_GIVEN MATERIAL:_
<<<<

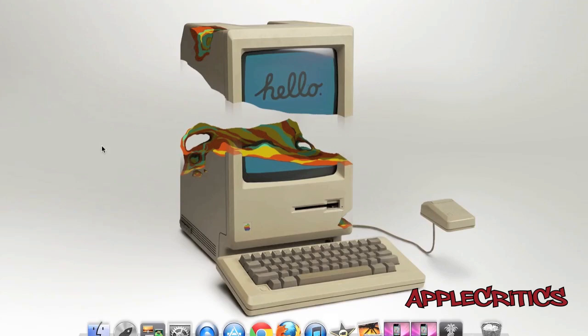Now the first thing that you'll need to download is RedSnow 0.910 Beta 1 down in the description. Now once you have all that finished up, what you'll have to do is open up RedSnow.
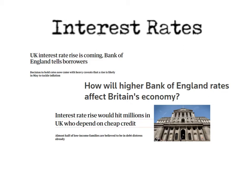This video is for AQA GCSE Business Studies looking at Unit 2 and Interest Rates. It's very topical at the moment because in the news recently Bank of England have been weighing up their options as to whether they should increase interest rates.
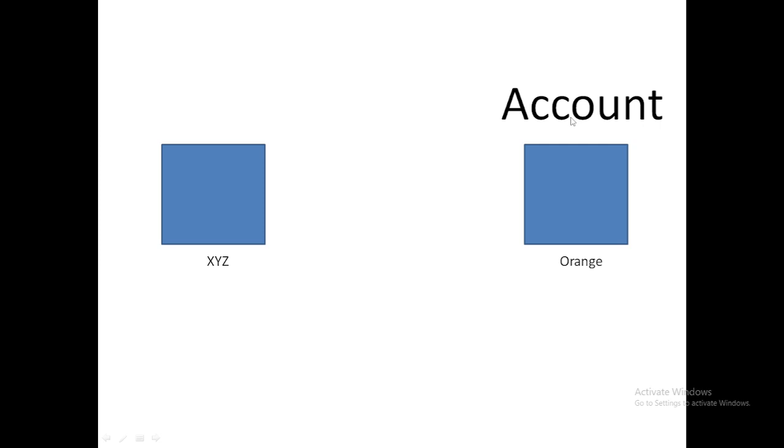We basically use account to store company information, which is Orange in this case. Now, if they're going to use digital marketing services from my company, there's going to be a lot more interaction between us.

>>>>

_TASK TO CARRY OUT:_ An unchanged copy of the data, images excluded, is all that should be given.

_COMPLETED EXERCISE:_
Now the first thing that you'll need to download is RedSnow 0.910 Beta 1 down in the description. Now once you have all that finished up, what you'll have to do is open up RedSnow.
This video is for AQA GCSE Business Studies looking at Unit 2 and Interest Rates. It's very topical at the moment because in the news recently Bank of England have been weighing up their options as to whether they should increase interest rates.
We basically use account to store company information, which is Orange in this case. Now, if they're going to use digital marketing services from my company, there's going to be a lot more interaction between us.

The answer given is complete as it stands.